Material shown ▸

☆ ☆ ☆ ☆

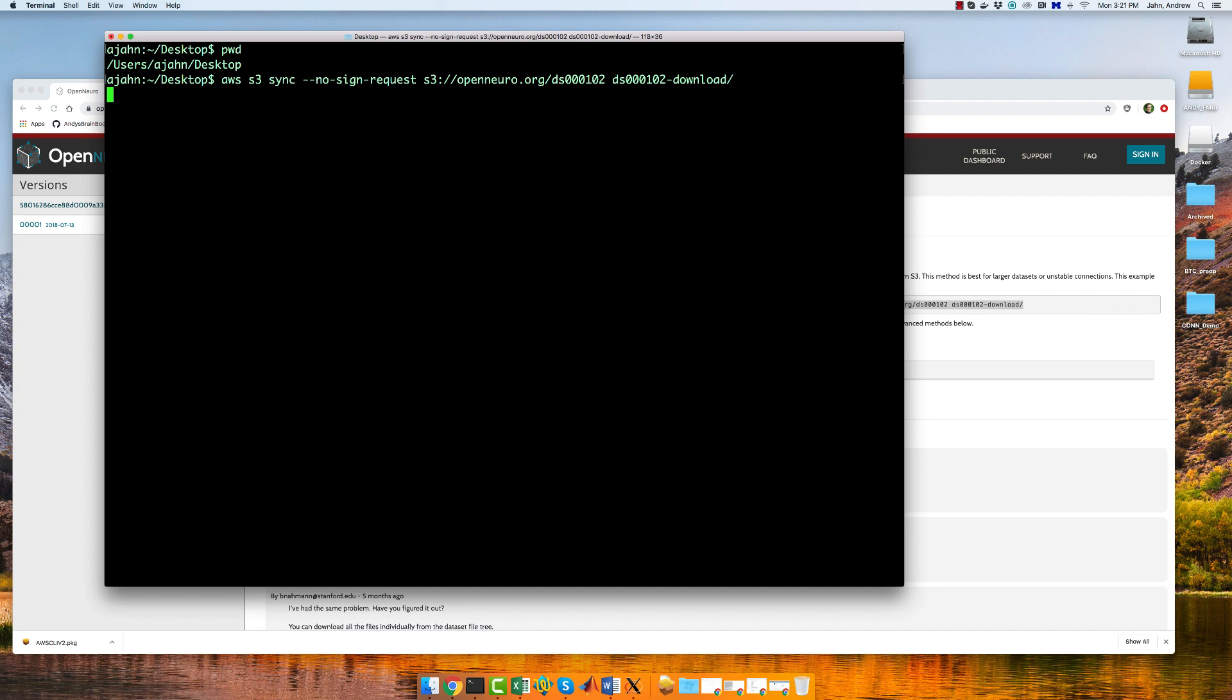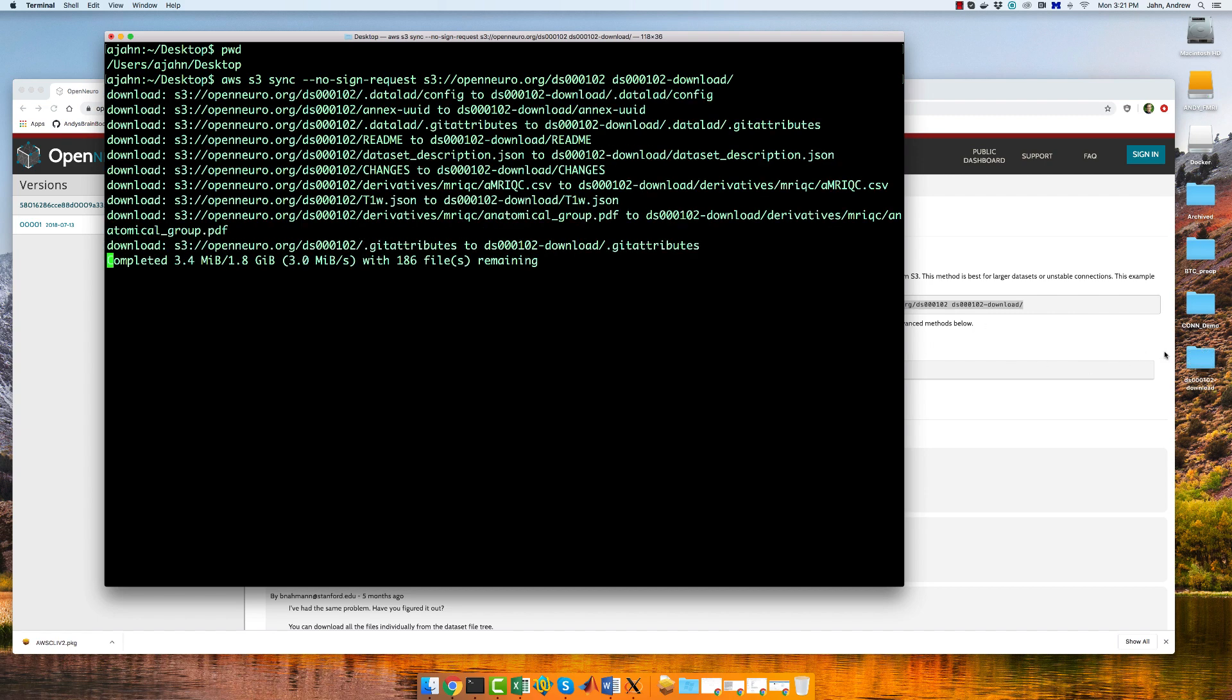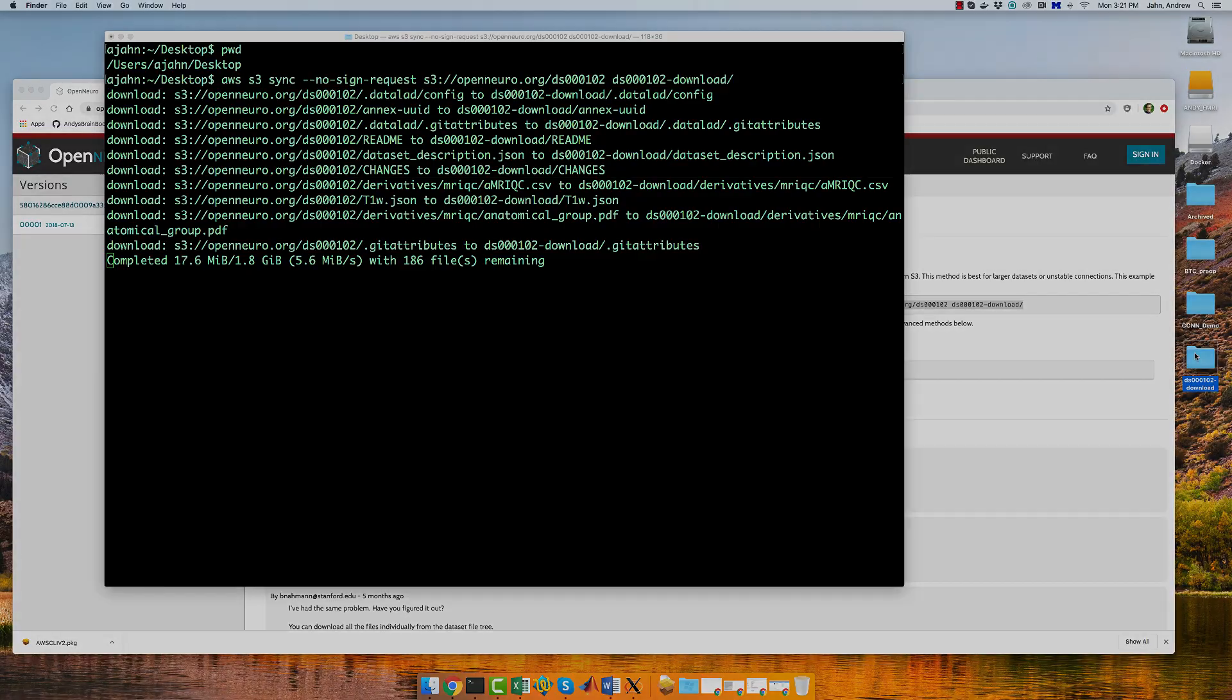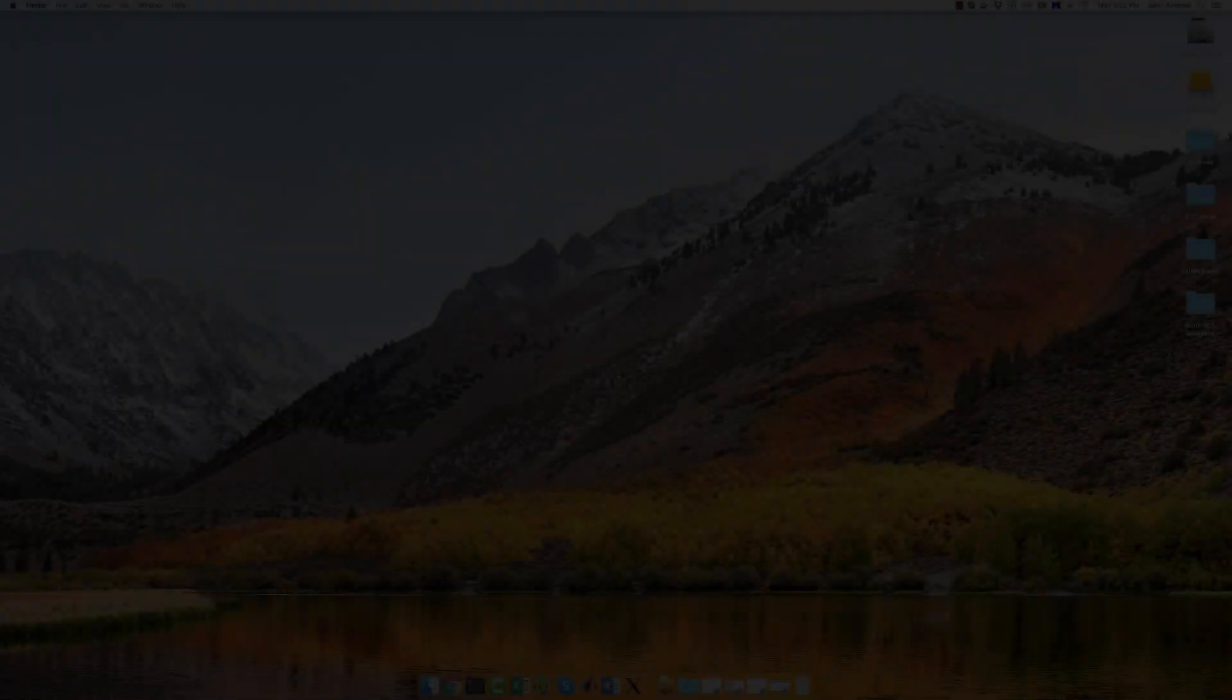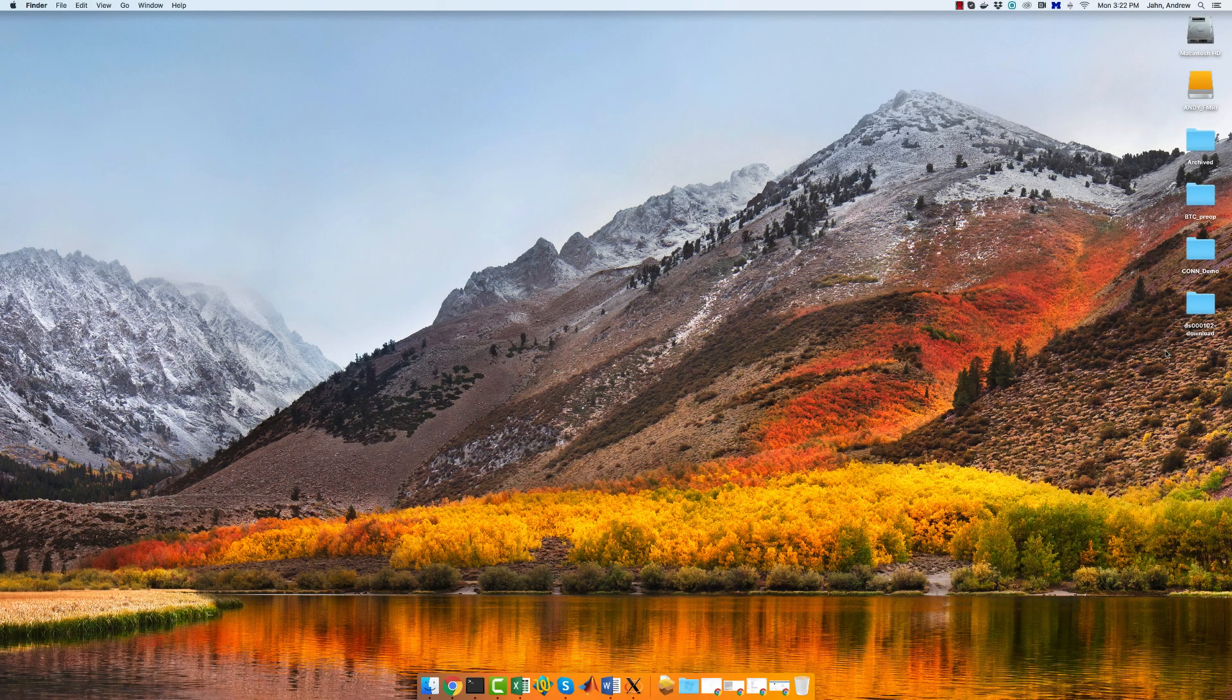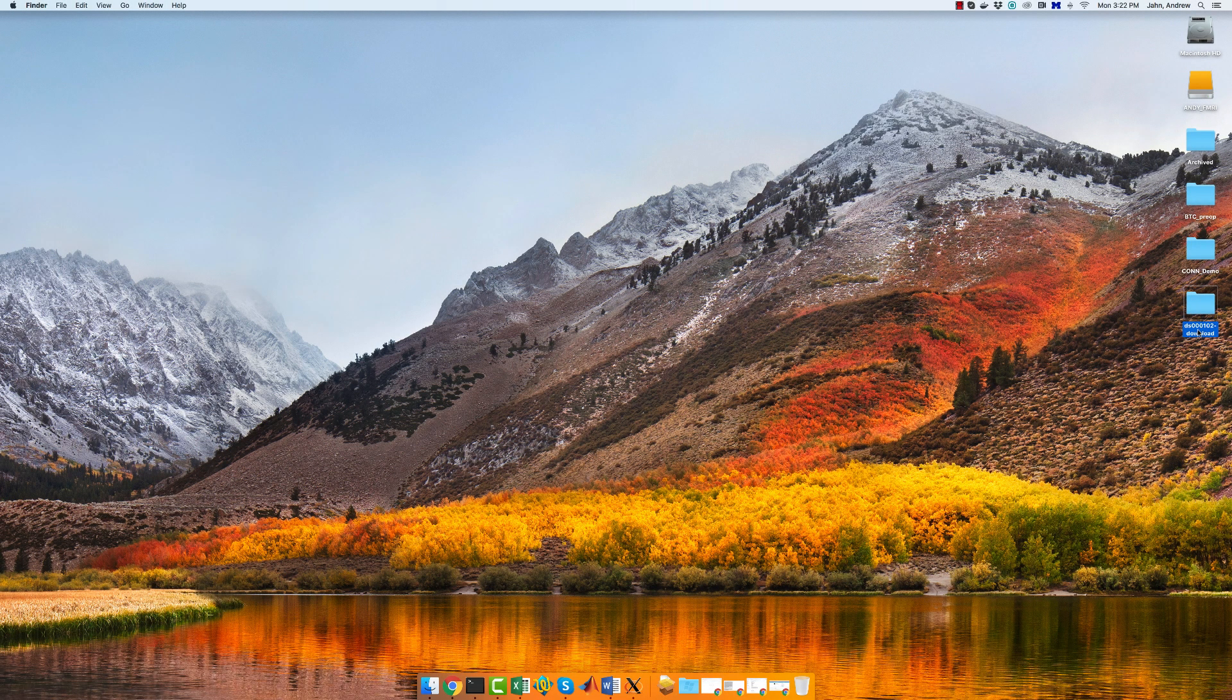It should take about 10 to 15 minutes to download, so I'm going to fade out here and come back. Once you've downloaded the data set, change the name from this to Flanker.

☆ ☆ ☆ ☆

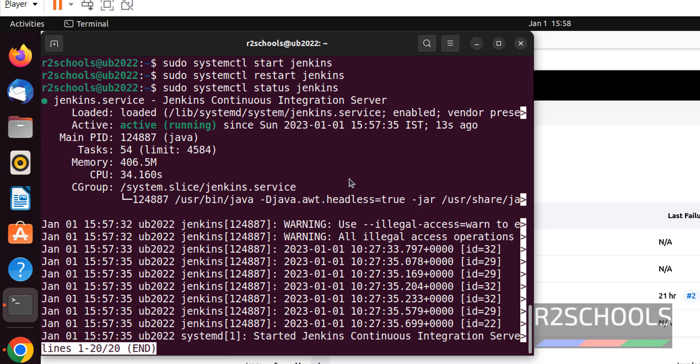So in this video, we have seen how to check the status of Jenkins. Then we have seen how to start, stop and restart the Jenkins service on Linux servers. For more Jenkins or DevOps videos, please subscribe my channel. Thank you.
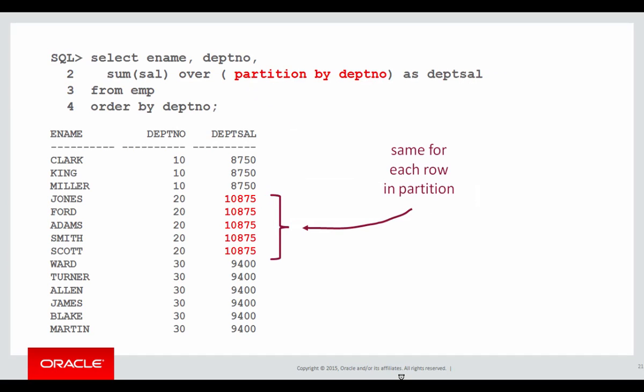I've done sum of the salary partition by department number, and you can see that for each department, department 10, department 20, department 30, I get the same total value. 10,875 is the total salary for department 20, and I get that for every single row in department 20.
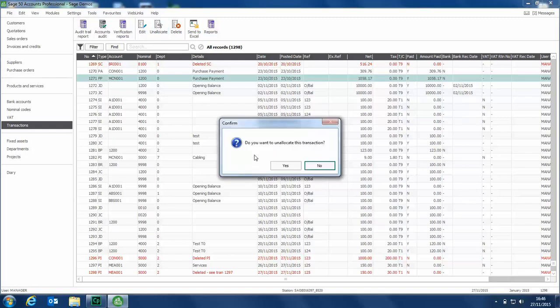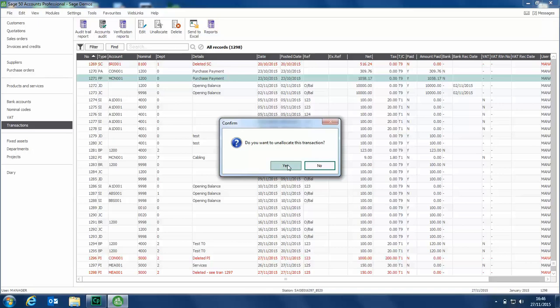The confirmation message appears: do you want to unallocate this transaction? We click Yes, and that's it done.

☆ ☆ ☆ ☆

The task ▸
The material above holds pictures; leave them out and set down exactly the lines from the line with "So in this video, we" to the line with "The confirmation message", both included.

Exercise output ▸
So in this video, we have seen how to check the status of Jenkins. Then we have seen how to start, stop and restart the Jenkins service on Linux servers. For more Jenkins or DevOps videos, please subscribe my channel. Thank you.
I've done sum of the salary partition by department number, and you can see that for each department, department 10, department 20, department 30, I get the same total value. 10,875 is the total salary for department 20, and I get that for every single row in department 20.
The confirmation message appears: do you want to unallocate this transaction? We click Yes, and that's it done.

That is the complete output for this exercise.